Linux at Rancho Santiago College

Linux is being used to teach Computer Science classes at a community college in Santa Ana, California.

by Steve Moritsugu

Roughly twice a year, I find myself combing the Unix job ads in the LA Times. Luckily, this does not mean I am frequently unemployed. In fact, in addition to my full-time job integrating, supporting and teaching Unix, I am also a part-time instructor at Rancho Santiago, a community college in Santa Ana, California. For the first hour of the first class of every semester, the parking lots are a jungle, and students are struggling to find the right buildings and classrooms. I use this hour to discuss the recent Unix job ads and ``buzz words''. I cover what students will learn in my class and what additional skills employers list most often in these ads. In January 97, employers most often wanted Unix plus C programming or Unix plus Windows NT (networking). Rarely do ads mention a specific Unix operating system type such as HP, Sun or Linux.

Unix Like a Car Radio?

I use Linux extensively in my classes. I also use the free version of SCO Unix. I teach a series of three full-semester Unix classes available at Rancho:

  1. CMPR 141: Unix Operating System
  2. CMPR 241: Unix System Administration
  3. CMPR 242: Advanced Unix Shell Scripts

In each of these classes, I give my car radio analogy. There are many different styles of car radios, each with a slightly different placement of knobs and controls; yet when most people get into a strange car, they can turn on the radio, adjust the volume, change the station and maybe set their favorite stations. In the same way, Unix on different computer platforms has variations in the basic commands, e.g., how you log off or how you display a file one page at a time. There is no need to become disoriented when you face a strange car radio, oops ... I mean when you face a new variant of Unix, especially if you are on the Internet, using TELNET to access one host or another. While Linux has peculiarities that you don't find on other flavors of Unix, it is not alone. Every Unix has some peculiarities. For me, the important issue is that Linux supports all the standard Unix commands and shell features.

Why Linux?

When I first started teaching at Rancho, my biggest problem was the fact that students had no access to Unix outside of my three-hour once-per-week class. The school has a computer lab, but none of the systems there had access to Unix. I considered several alternatives before deciding on Linux. There are packages that allow you to run Unix utilities under MS-DOS. I decided against using these, because the problems that arose were not really Unix issues, such as MS-DOS not supporting upper and lower case file names or Unix permissions. There was another flavor of Unix that could be loaded from floppy, but that company is no longer in business. The free version of SCO was not available at the time and, since it is only a 2-user version, it must be installed at each station which is difficult in a lab situation.

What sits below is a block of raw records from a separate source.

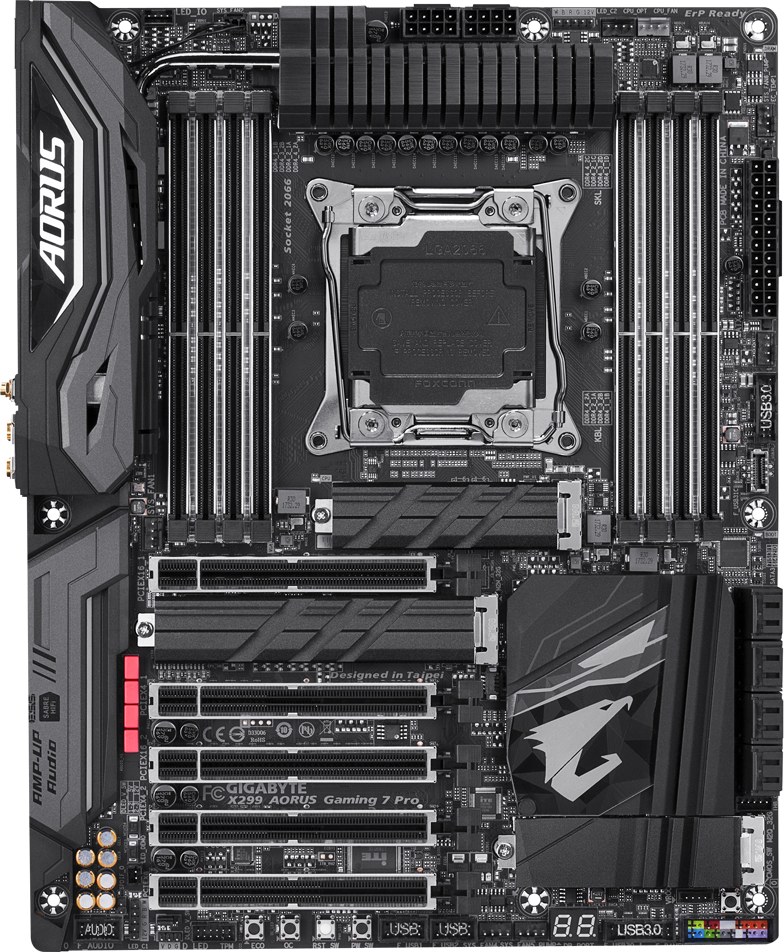 X299 AORUS Gaming 7 Pro ＋ i9-10900X X299 AORUS Gaming 7 Pro (rev. 1.0) Key Features | Motherboard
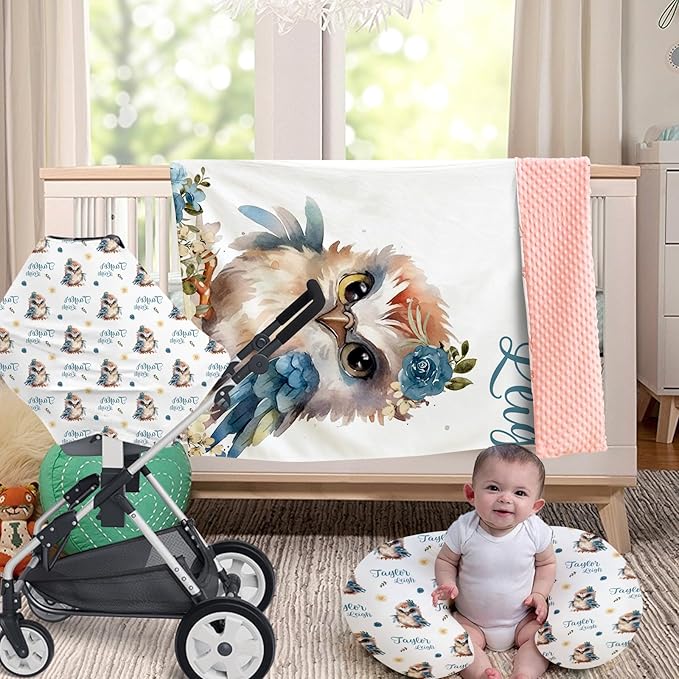 Dyoart Custom Baby Nursing Pillow Cover for Nursing, Birds Theme Removable Nursing Covers for Breastfeeding Pillows, Ultra Soft Comfortable Slipcover for Newborn Baby Boys and Girls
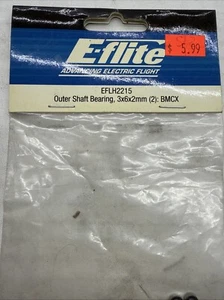 EFLH2215 EFlight Blade RC Helicopter OuterShaft Bearing 3x6x2mm (2) F14 - Picture 1 of 1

I also considered freeBSD. However, I eventually chose to use Linux in my classroom for the following reasons:

All of the above show that Linux is a thriving variant of Unix, worth studying in its own right, as well as a useful teaching tool.

On the other hand, I also warn my students that Linux is not yet fully accepted as a commercial grade of Unix by all employers. I also use the free SCO Unix in my classroom so that students can see variations in Unix side-by-side, and so they can list SCO Unix as well as Linux in their resumes.

Floppy-Based Linux

For my students, I have created a distribution of Linux which I call Floppy-Based Linux. It runs completely from floppy and never accesses the hard disk, yet it supports all the standard Unix commands and man pages. It can also use TELNET and FTP to access the Linux server running in the classroom and can print to network printers in the classroom and the computer lab. Of course, this is slower than running from hard disk, but it provides a number of advantages in my environment. My students are often computer neophytes. I need a bullet-proof environment where they can freely make mistakes. Thus, I ruled out any distributions that would require them to load software onto the hard disk, even the UMSDOS file system. I want my students to be able to work on Unix at home, at work or in the school computer lab since I believe that accessing Unix hands-on is essential to learning Unix. At the same time, I could not take a chance that a mistake on their part might alter or corrupt their home computer, work computer or lab computer.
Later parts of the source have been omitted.